* Assignment *
Note the line containing "BMW F 650 GS"; from it through the last line below, give only those lines again, exactly, both ends included, skipping pictures.

* Stored data *

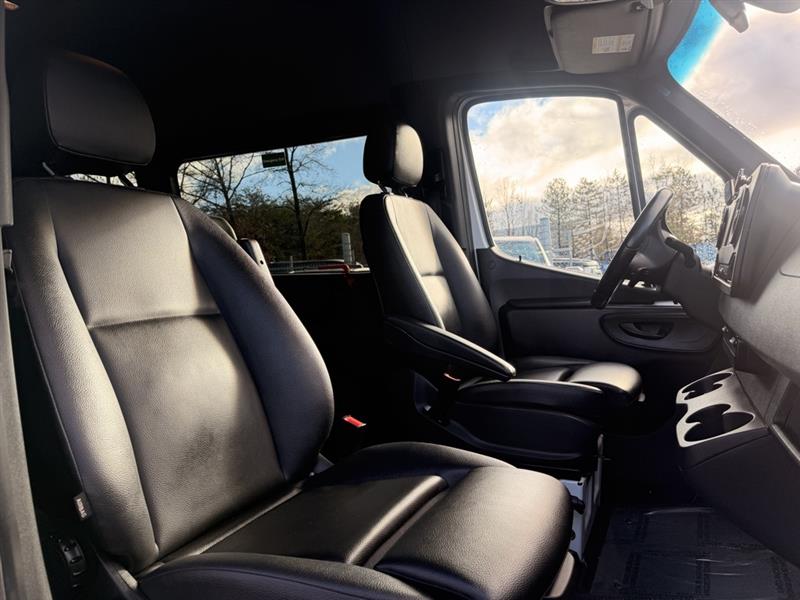 2022 MERCEDES-BENZ SPRINTER 2500 HIGH ROOF 15 PASSNEGER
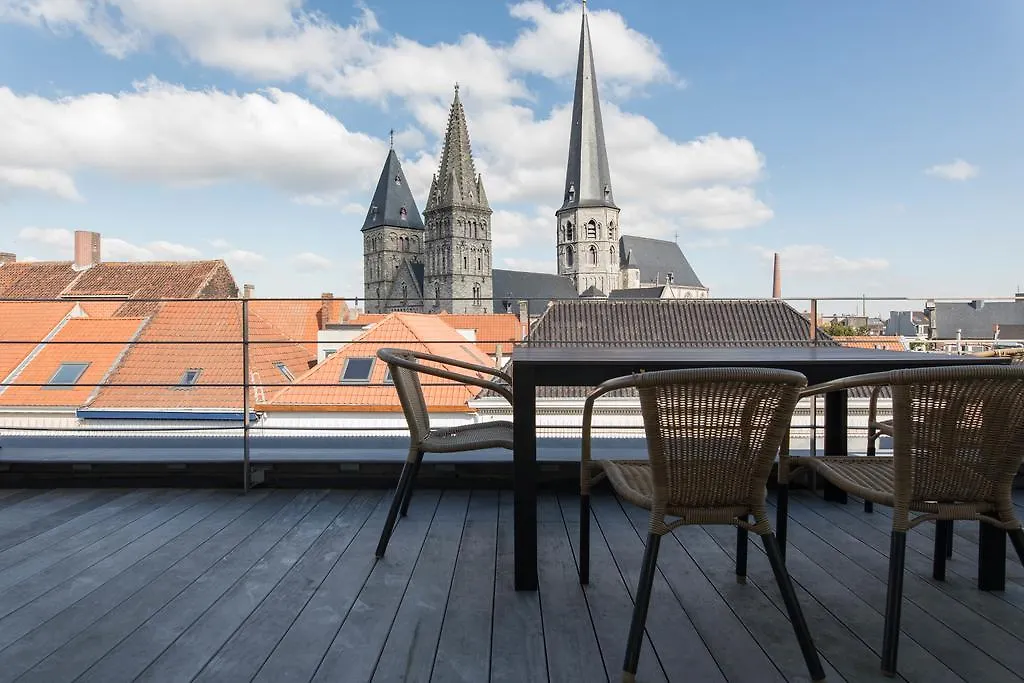 Hof Van Spanje Ghent 0*,  Belgium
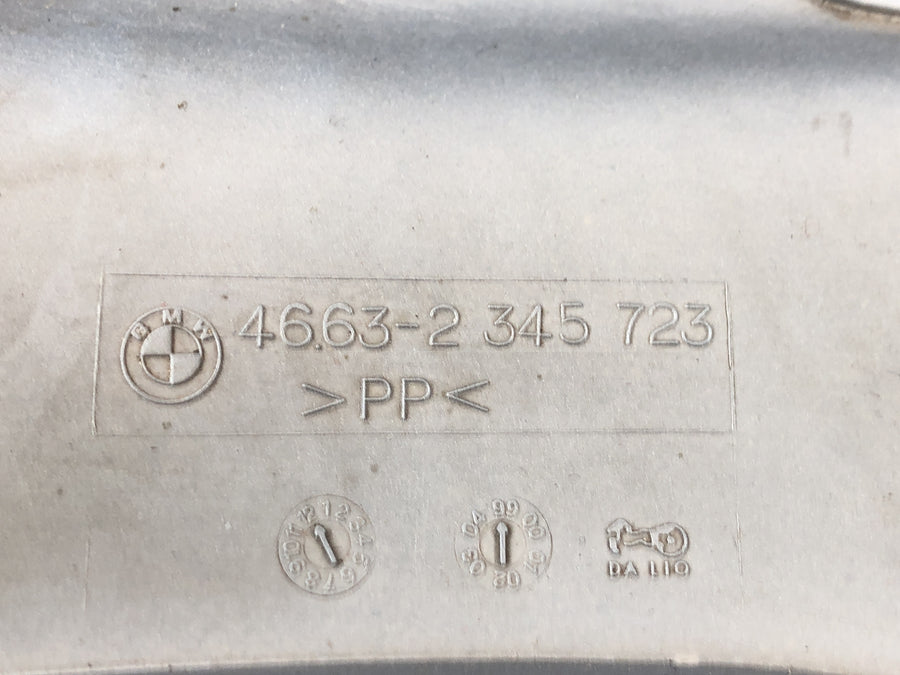 BMW F 650 GS R13 [2000] - Tartályburkolat bal első színkód 762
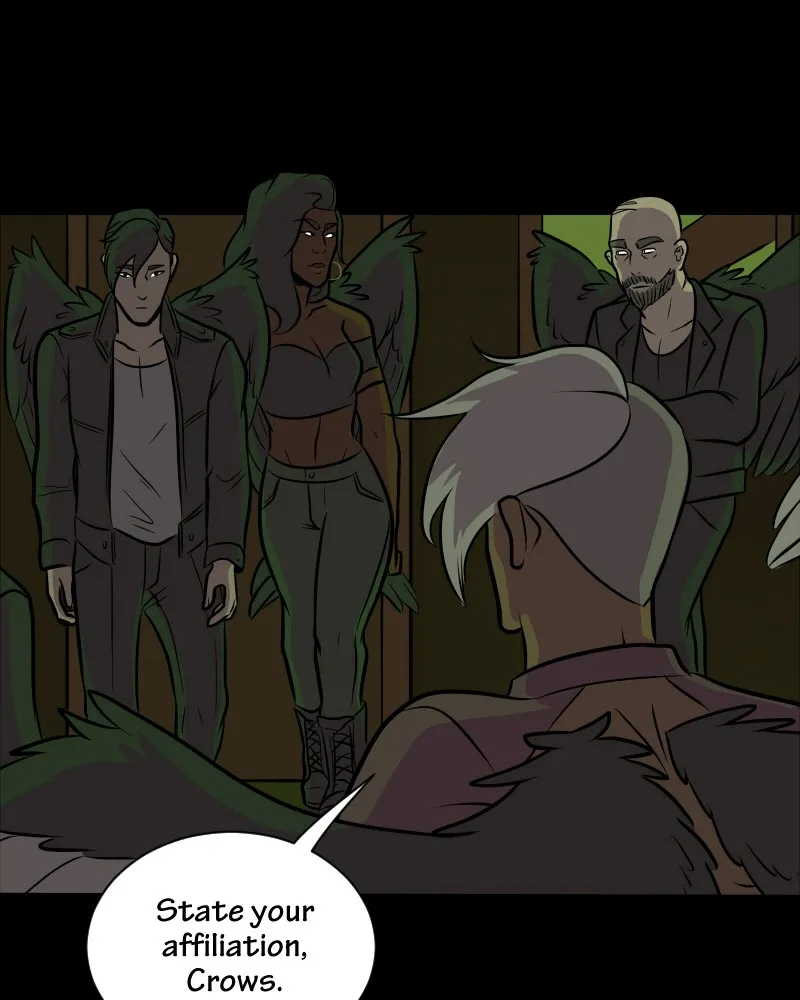The Croaking Chapter 17 page 8 -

* Exercise response *
 BMW F 650 GS R13 [2000] - Tartályburkolat bal első színkód 762
The Croaking Chapter 17 page 8 -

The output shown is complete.